Victor Rook, an indy filmmaker who was once wrongly accused by Viacom of copyright violations, is happy a judge has reminded media companies to think twice before calling someone a pirate.
In February 2007, Viacom demanded that YouTube remove Rook's documentary about a professional wrestler, accusing him of using some of the company's copyright material. The conglomerate was mistaken. None of the video or music Rook included in his film belonged to Viacom. Executives at the company apologized but the filmmaker still had to wait three weeks before the clip was reposted to YouTube, which he says hurt his efforts to market the film.
The entire episode would have never occurred had "Viacom ever looked at the video," Rook claims.
Copyright owners, such as NBC Universal, Warner Bros., and Viacom, were put on notice Wednesday when U.S. District Judge Jeremy Fogel ruled that they must not order video be removed from Web sites indiscriminately. Before taking action against a clip, copyright owners, must form a "good-faith belief " that a video is infringing, according to Corynne McSherry, an attorney with the Electronic Frontier Foundation.
EFF represents the Pennsylvania woman who sued Universal Music Group for demanding that YouTube remove her clip, which featured her infant son dancing to 30 seconds of the Prince song "Let's Go Crazy." EFF has always argued that the video was a "textbook" example of fair use and Universal Music should have recognized that.
The music label, the largest of the country's four top recording companies, has indeed acknowledged that the clip doesn't violate their copyright and the clip has been reposted to YouTube. But Universal Music also argued before Fogel that it's not up to copyright owners to determine fair use.
Fogel disagreed. In his 10-page decision, he reminds Universal Music that the Digital Millennium Copyright Act already requires copyright owners to make a determination about fair use prior to sending take-down notices. "A consideration of the applicability of the fair use doctrine simply is part of that initial review," Fogel wrote.
But for copyright owners, Fogel's decision may further complicate an already arduous process of tracking and removing pirated clips.
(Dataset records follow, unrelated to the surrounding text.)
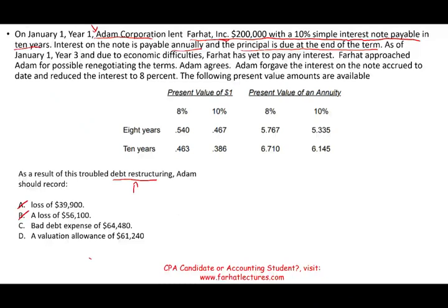Farhat approached Adam to renegotiate the terms. Farhat said: I cannot pay the 10% — let's work a deal so we can save this rather than taking a full write-off. Adam agreed to forgive all the interest accrued to date and reduced the future interest payment from 10% to 8%. Let's translate this into numbers.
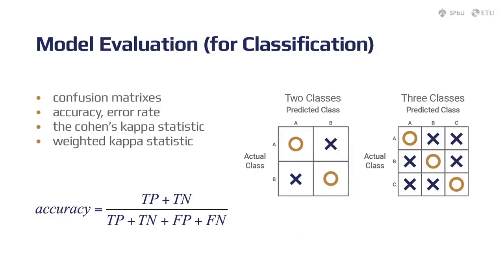After we have successfully created our model, let's take a look at different methods to analyze its performance. In this section we will only cover techniques that are used for models that deal with classification tasks.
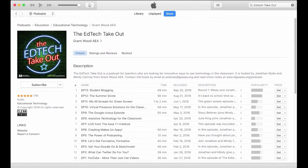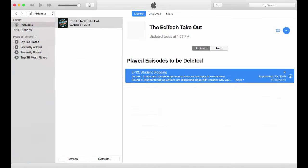That's all there is to it. Once you're subscribed, iTunes will automatically download the latest episode of the EdTech Takeout. The most recent episode will appear in the Podcast section of your library when it is finished downloading. Future episodes will be downloaded automatically as soon as they become available.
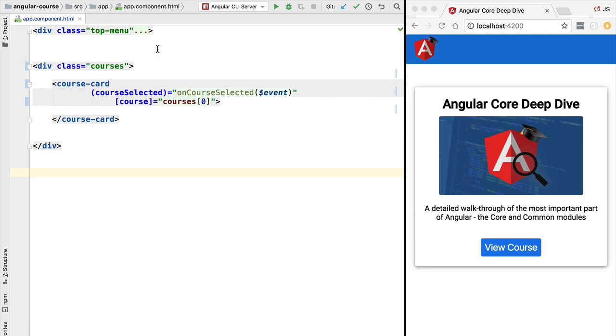Hello everyone and welcome! In this lesson we are going to introduce the notion of content projection.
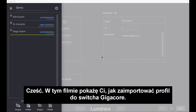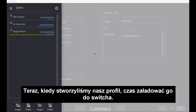Hi, in this video I will show you how to import a profile into a GigaCore Ethernet switch. Now that we have created our profile, it's time to load them into the switch.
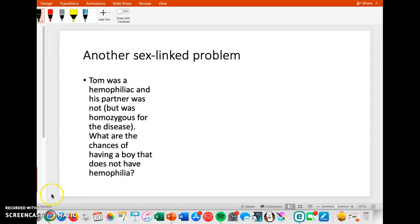This is a short lecture, so I'm going to stop it here and I'll do some more examples later. Bye.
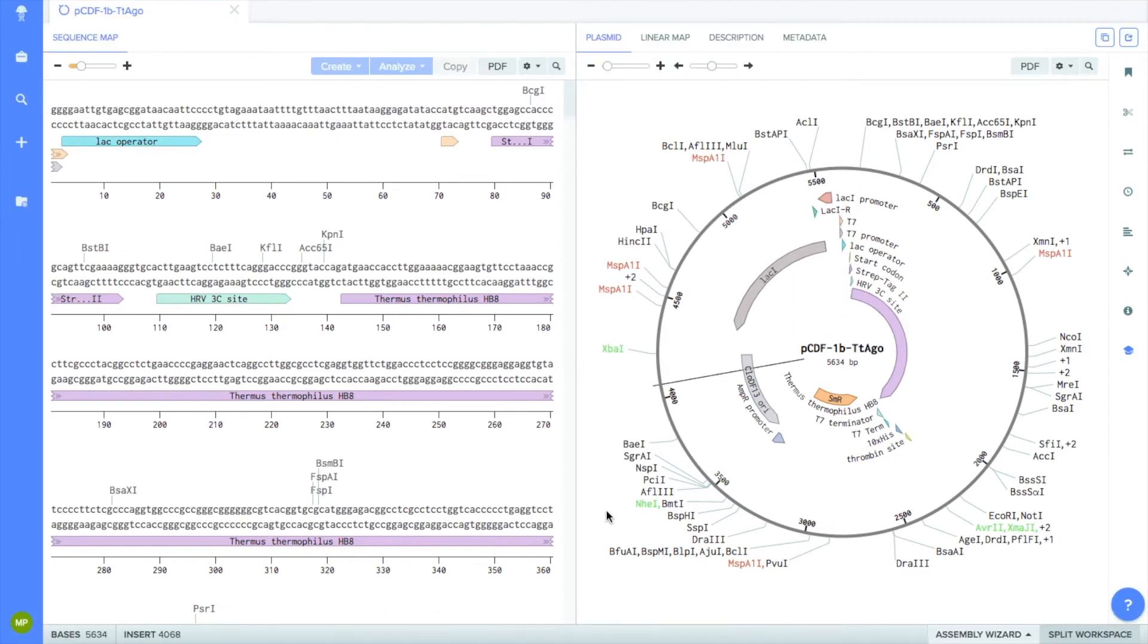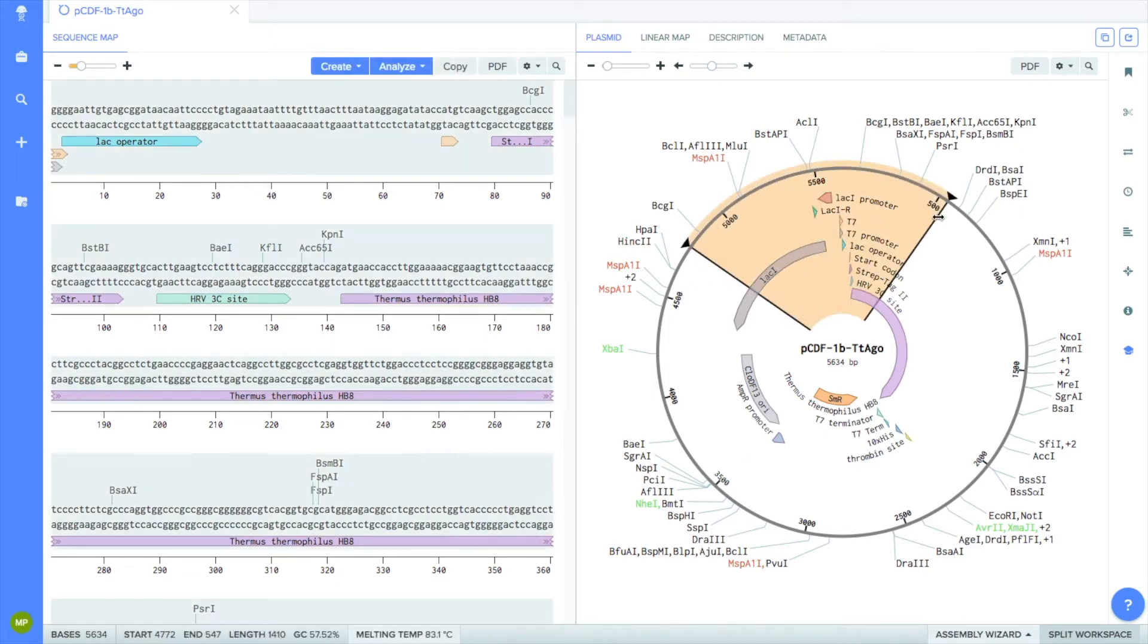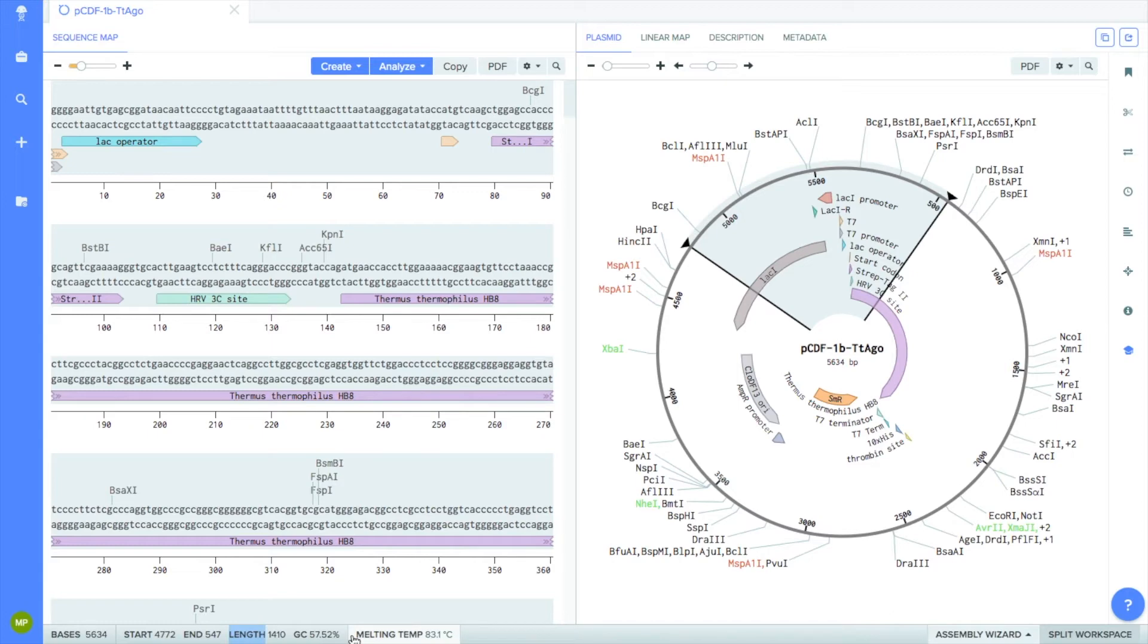So at the bottom left, there are two values. One is labeled Bases, and the other is labeled Insert. The Bases value tells you the total number of base pairs, or nucleotides, in your uploaded DNA sequence. The Insert value tells you the base pair position of your cursor on the DNA sequence. If you click and move your cursor around the plasmid, it shows you the start and end base pairs of the highlighted sequence, or portion, along with its length and melting temperature.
A Viacom spokesman said Thursday that the company has sent 350,000 take-down notices to YouTube. Each of the offending videos is first reviewed by Viacom staff before the notices are sent. The media power has acknowledged making mistakes but less than 1 percent of the time.
Perhaps Viacom's position on handling take-down notices was best explained in the company's letter to Rook.
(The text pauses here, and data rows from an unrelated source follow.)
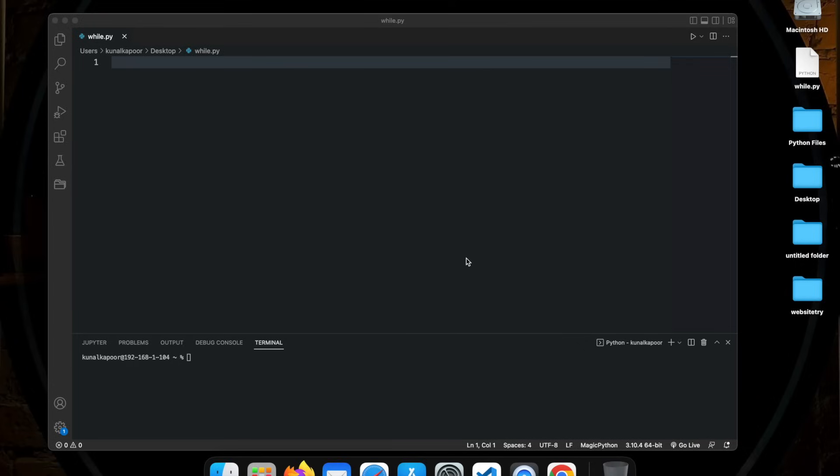So guys, without wasting any further time, let's go inside the computer and learn while loops. We're at the computer. And I've already created a file in my Visual Studio code, which is while.py. And I've already saved it on my desktop.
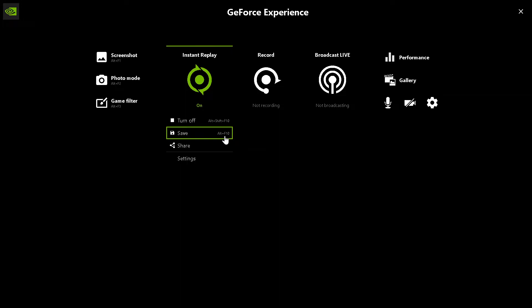So now, next time something happens crazy in your game, go ahead and Alt-F10 that bitch, and you will have a video clip.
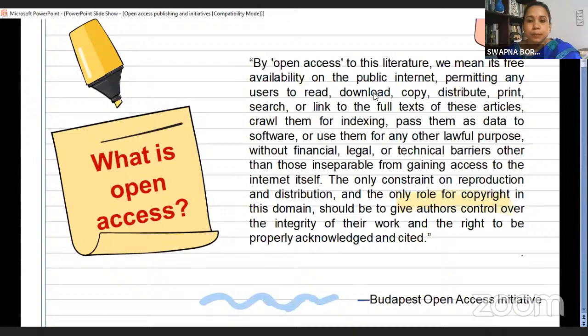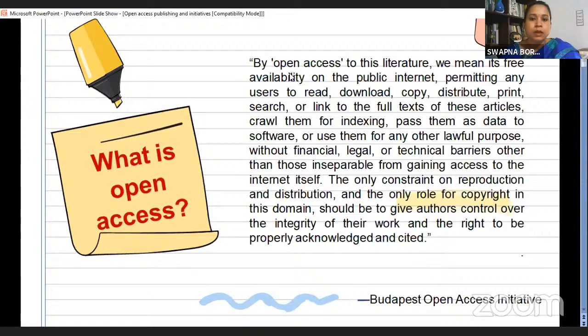There are many key terms we can see — read, download, copy, distribute, print, indexing, financial, legal, technical, etc. All these describe some permissions or some copyrights. Though the name itself indicates open or free, it is not actually fully open, but comes with some acknowledgement or author control over the integrity of the work being published.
Mark Morril, Viacom's deputy general counsel, wrote to Rook: "Having reviewed the video, we acknowledge that its inclusion in the take-down notice was an error and the error however was completely unintentional. We sincerely regret that this error affected your video. We note that YouTube and Google have adopted a policy that forces copyright owners like Viacom or yourself to shoulder the entire burden of monitoring for copyright infringement on the YouTube site.
"Viacom has no alternative accept to repeatedly search the entire YouTube library," the letter continued, "and send take-down notices...This is a massive effort. We have manually reviewed over 1.7 million clips on YouTube and have identified more than 187,000 pirated clips of our copyrighted content. In an effort of this scale, some inadvertent error is inevitable."
Rook has little sympathy for the big media companies. He's skeptical about their review process and whether Viacom employees eyeball all the videos. He said that had anyone actually seen his video, there could have been no way they would have accused him of copyright infringement. Rook also said that a year before Viacom sent the take-down notice, one of Viacom's companies, MTV, had requested a viewing copy of his documentary.
"If that doesn't prove that Viacom knew my film wasn't their material I don't know what can," Rook said.
Mark Litvack, an entertainment lawyer with the Los Angeles law firm of Reed Smith, says that while it's good for the judge to remind media companies to take a hard look at material before making accusations, he doesn't think the lawsuit brought by the Pennsylvania woman is necessary.
"The DMCA absolutely anticipated this very scenario," Litvack said. "Universal said she infringed on her copyright and sent a take-down notice. She then has an opportunity to appeal to YouTube (counter-notification remedy), which is what she sought and the video was restored."
But McSherry of EFF argues that the counter-notification remedy doesn't protect people from unfounded claims and puts the onus on them to prove their innocence. She remembers that before the DMCA, a media company that wanted someone to remove allegedly infringing material would first have to convince a judge and then obtain a temporary restraining order.
"The DMCA streamlined the process but the law also tried to balance it," she said. What she is referring to is the DMCA's requirement that companies first form a good-faith belief that material is infringing before trying to remove videos.
Fogel agreed and the wrote: "The unnecessary removal of non-infringing material causes significant injury to the public where time-sensitive or controversial subjects are involved and the counter-notification remedy does not sufficiently address these harms."